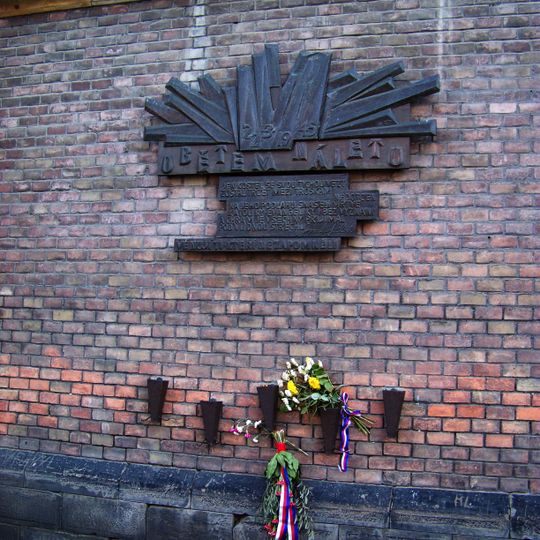 Pamětní deska obětem náletu na kostele v Kralupech nad Vltavou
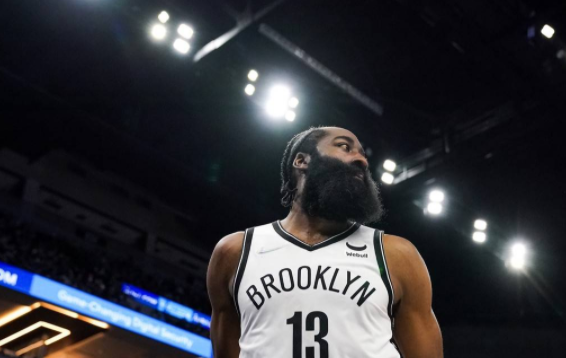 27日NBA前瞻:哈登约基奇领袖对决 太阳盼再擒爵士冲8连胜 27日NBA前瞻:哈登约基奇领袖对决 太阳盼再擒爵士冲8连胜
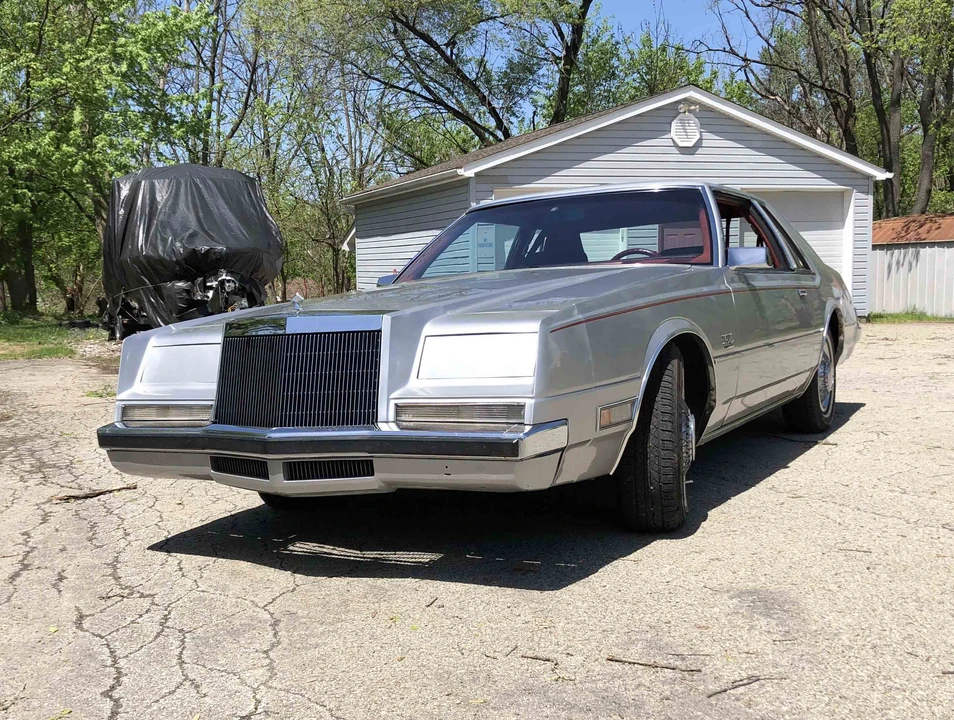 1981 Chrysler Imperial - Image 4 of 31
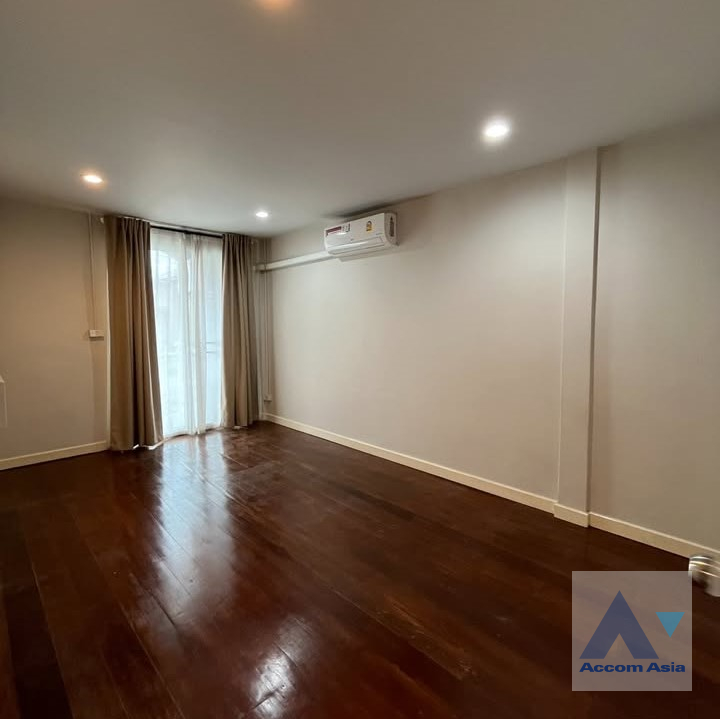 7  3 br Townhouse For Rent in Pattanakarn ,Bangkok  AA45653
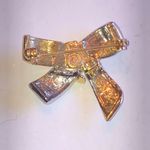 Elegant Vintage Gold Tone Bow Brooch with Sparkling Accents Photo 3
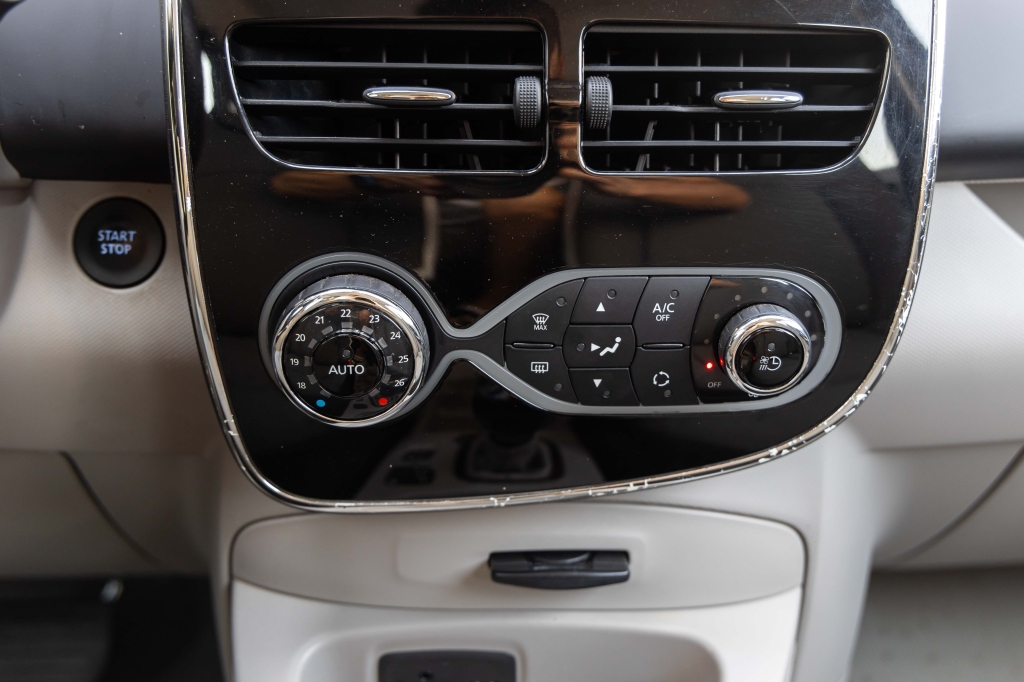 Renault Zoe 2016 фото 25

══════════

» **ASSIGNMENT**
Pictures are to be omitted from the copy. Reproduce exactly, and only, the lines from the one containing "1981 Chrysler Imperial - Image 4 of 31" to the end of the listing above.

» **SOLUTION FOR THIS TASK**
 1981 Chrysler Imperial - Image 4 of 31
 7  3 br Townhouse For Rent in Pattanakarn ,Bangkok  AA45653
 Elegant Vintage Gold Tone Bow Brooch with Sparkling Accents Photo 3
 Renault Zoe 2016 фото 25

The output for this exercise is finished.